_RECORDS FOR THIS EXERCISE_.
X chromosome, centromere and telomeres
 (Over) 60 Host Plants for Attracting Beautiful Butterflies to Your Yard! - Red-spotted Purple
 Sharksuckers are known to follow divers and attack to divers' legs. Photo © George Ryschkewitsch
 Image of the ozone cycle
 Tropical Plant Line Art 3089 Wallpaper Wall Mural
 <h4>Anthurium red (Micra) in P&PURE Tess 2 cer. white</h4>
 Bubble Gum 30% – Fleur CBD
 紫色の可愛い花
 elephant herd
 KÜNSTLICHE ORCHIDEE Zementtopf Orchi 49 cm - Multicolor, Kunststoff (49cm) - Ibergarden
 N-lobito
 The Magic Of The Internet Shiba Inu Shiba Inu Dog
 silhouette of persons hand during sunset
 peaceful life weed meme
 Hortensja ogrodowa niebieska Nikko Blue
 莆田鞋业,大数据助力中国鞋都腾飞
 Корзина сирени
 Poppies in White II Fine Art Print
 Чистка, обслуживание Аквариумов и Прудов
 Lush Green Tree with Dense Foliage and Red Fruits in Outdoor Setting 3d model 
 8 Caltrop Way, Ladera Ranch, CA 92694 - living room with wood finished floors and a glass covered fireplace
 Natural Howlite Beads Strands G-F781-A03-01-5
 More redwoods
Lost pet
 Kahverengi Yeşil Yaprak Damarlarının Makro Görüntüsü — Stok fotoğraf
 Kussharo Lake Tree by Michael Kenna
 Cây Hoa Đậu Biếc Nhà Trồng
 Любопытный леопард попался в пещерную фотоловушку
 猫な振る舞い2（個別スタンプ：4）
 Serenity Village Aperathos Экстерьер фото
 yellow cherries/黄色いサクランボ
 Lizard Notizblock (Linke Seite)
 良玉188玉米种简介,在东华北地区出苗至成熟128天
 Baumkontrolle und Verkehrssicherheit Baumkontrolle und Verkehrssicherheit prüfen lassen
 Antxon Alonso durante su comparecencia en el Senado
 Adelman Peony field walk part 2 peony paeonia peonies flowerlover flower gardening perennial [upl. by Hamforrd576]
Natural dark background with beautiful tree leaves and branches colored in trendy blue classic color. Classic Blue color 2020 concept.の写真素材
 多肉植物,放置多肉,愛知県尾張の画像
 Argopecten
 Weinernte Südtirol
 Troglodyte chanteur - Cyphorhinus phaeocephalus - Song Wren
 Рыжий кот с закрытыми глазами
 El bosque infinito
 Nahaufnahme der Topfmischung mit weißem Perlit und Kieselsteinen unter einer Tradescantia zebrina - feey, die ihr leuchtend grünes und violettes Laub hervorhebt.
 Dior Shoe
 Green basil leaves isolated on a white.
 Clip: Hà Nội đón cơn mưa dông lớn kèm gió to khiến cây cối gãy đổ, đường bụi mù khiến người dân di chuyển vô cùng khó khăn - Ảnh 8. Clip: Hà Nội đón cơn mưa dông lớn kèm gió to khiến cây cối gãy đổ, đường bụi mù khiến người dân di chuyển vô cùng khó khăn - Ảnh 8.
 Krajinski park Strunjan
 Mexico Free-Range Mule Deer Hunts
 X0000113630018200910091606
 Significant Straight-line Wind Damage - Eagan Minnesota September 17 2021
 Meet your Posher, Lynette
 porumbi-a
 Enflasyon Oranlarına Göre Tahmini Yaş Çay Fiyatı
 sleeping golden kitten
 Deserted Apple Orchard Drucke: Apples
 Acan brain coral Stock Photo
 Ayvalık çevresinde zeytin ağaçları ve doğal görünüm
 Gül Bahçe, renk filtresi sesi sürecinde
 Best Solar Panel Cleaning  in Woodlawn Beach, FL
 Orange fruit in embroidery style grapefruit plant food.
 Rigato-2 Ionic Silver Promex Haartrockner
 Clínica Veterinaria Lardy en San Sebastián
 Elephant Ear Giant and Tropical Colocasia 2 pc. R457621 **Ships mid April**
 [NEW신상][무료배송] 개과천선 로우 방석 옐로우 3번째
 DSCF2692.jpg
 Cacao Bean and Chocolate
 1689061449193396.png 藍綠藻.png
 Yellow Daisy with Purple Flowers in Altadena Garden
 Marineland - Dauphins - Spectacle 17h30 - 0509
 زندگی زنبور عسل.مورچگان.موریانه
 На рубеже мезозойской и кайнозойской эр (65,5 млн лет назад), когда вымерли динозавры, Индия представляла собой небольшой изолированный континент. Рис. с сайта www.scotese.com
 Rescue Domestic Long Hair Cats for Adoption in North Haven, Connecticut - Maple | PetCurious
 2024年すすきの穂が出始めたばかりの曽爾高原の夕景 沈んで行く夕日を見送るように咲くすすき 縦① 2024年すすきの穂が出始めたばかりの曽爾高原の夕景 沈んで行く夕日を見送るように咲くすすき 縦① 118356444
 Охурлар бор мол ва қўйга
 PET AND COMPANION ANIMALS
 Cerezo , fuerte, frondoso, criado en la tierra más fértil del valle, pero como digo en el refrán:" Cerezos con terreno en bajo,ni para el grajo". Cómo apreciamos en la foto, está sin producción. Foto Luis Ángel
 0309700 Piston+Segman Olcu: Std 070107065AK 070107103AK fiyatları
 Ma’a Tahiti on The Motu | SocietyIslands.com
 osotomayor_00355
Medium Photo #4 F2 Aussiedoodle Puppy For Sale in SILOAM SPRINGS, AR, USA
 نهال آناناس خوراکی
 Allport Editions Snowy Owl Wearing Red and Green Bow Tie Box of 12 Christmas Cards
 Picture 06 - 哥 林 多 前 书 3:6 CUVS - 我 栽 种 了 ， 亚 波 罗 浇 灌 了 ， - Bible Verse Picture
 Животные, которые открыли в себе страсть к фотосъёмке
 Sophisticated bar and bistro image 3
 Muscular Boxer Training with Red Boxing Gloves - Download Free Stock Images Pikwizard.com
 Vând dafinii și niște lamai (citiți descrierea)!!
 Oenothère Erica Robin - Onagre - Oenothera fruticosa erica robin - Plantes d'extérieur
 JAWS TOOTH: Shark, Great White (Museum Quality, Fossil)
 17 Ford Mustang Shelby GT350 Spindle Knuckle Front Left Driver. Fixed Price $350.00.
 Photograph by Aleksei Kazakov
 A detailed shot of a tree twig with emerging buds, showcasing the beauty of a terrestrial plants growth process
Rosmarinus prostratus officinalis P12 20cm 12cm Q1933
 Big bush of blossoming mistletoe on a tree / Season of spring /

_ASSIGNMENT_.
Where a line of the data contains "Green", copy that line.

_ANSWER SPACE_.
 Lush Green Tree with Dense Foliage and Red Fruits in Outdoor Setting 3d model 
 Green basil leaves isolated on a white.
 Allport Editions Snowy Owl Wearing Red and Green Bow Tie Box of 12 Christmas Cards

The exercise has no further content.